Where April stands.
Five issue areas April has built her record around — with the bills, programs, and positions behind each. Click through to see exactly what has passed, what’s in motion, and what’s next.
More supply. Less red tape. Real solutions for first-time buyers.

April’s housing work draws directly on more than two decades as a Tri-Cities real-estate broker.
Her signature bill — HB 1191, passed unanimously by both chambers and signed into law in 2025 — lets owners of manufactured homes in cooperatively-owned communities qualify for traditional mortgages, ending the high-cost chattel-loan trap that has locked Washington families out of real-estate-backed lending. The Pew Charitable Trusts called it “a step in the right direction” for expanding home-ownership access.
She has also championed Homes for Heroes — a down-payment and closing-cost program for first responders, teachers, and essential workers, endorsed by Gov. Ferguson in his 2025 inaugural address — HB 1438 to fast-track housing permits, and the 2026 tenant-notice bills signed into law to fix a breakdown in how renters receive legally required notices.
- HB 1191 — signed 2025
- Homes for Heroes
- HB 1438
- Tenant-notice bills — signed 2026
Career and technical education is real, family-wage work.
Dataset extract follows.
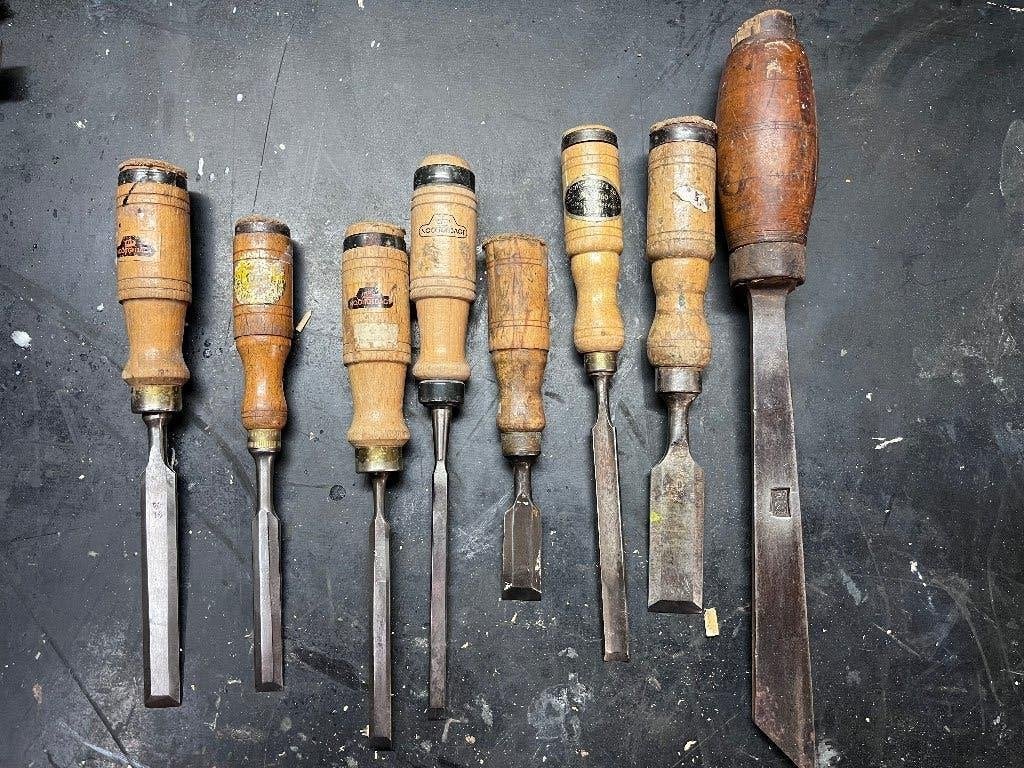 Hout beitels Nooitgedacht, Eskilstuna,, Ophalen of Verzenden, Gebruikt, Beitel, Nooitgedacht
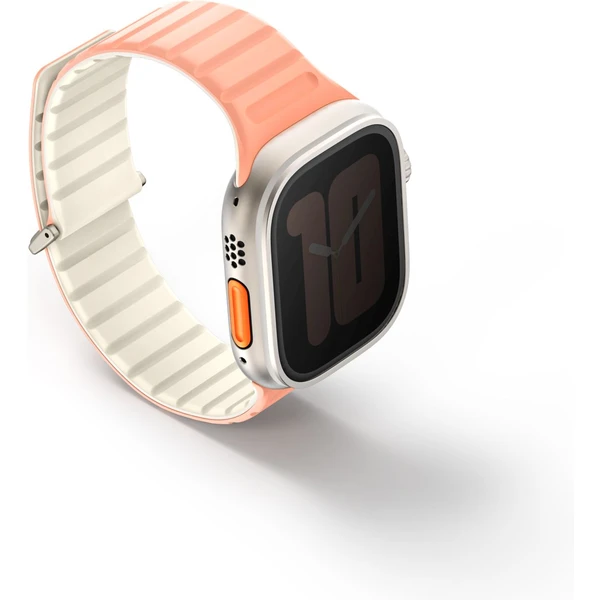UNIQ Revix Evo oboustranný řemínek Apple Watch 49/46/45/44/42mm (růžový/krémový) - Řemínky - Obrázek M2O5000O01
More than 186,000 Washington high-schoolers take CTE coursework each year. April’s 2025 package opened doors for them.
HB 1414 and HB 1722, both signed into law in 2025, opened the workforce door for trained students ready to step into the fields they were credentialed for. HB 1414 expanded the state’s CTE task force to identify the regulatory barriers keeping graduates out of those very fields. HB 1722 lets trained 16- and 17-year-olds test for licenses to work as certified nursing assistants, firefighter trainees, and emergency medical services professionals.
Tri-Tech Skills Center and the Washington State Skills Center Association jointly presented April with the 2025 Legislative Superhero Award for the package. She has also fought to keep parents at the table in their children’s education.
- HB 1414 — signed 2025
- HB 1722 — signed 2025
- 2025 Tri-Tech Superhero Award
Backing the people who keep our community safe.

Public safety in the Tri-Cities means funding the front lines, listening to communities, and real treatment for people who need it.
April pushed a 2025 budget amendment that would have funded $200 million in ongoing law-enforcement hiring grants — redirecting dollars from nonfaculty higher-education staffing back to the front lines of public safety. In January 2026 she led a Tri-Cities lawmakers’ bill package tightening rules on the placement of sexually violent predators after community concerns in Kennewick, and helped convene an overflow town hall that drew hundreds.
She has also been a long-time advocate for the Columbia Valley Center for Recovery — the inpatient behavioral-health and addiction-treatment facility the Tri-Cities has needed for years, and that the region still doesn’t have in any other form.
- $200M LE hiring grants — amendment
- SVP placement package — 2026
- Columbia Valley Center for Recovery
Defending the energy that powers Eastern Washington.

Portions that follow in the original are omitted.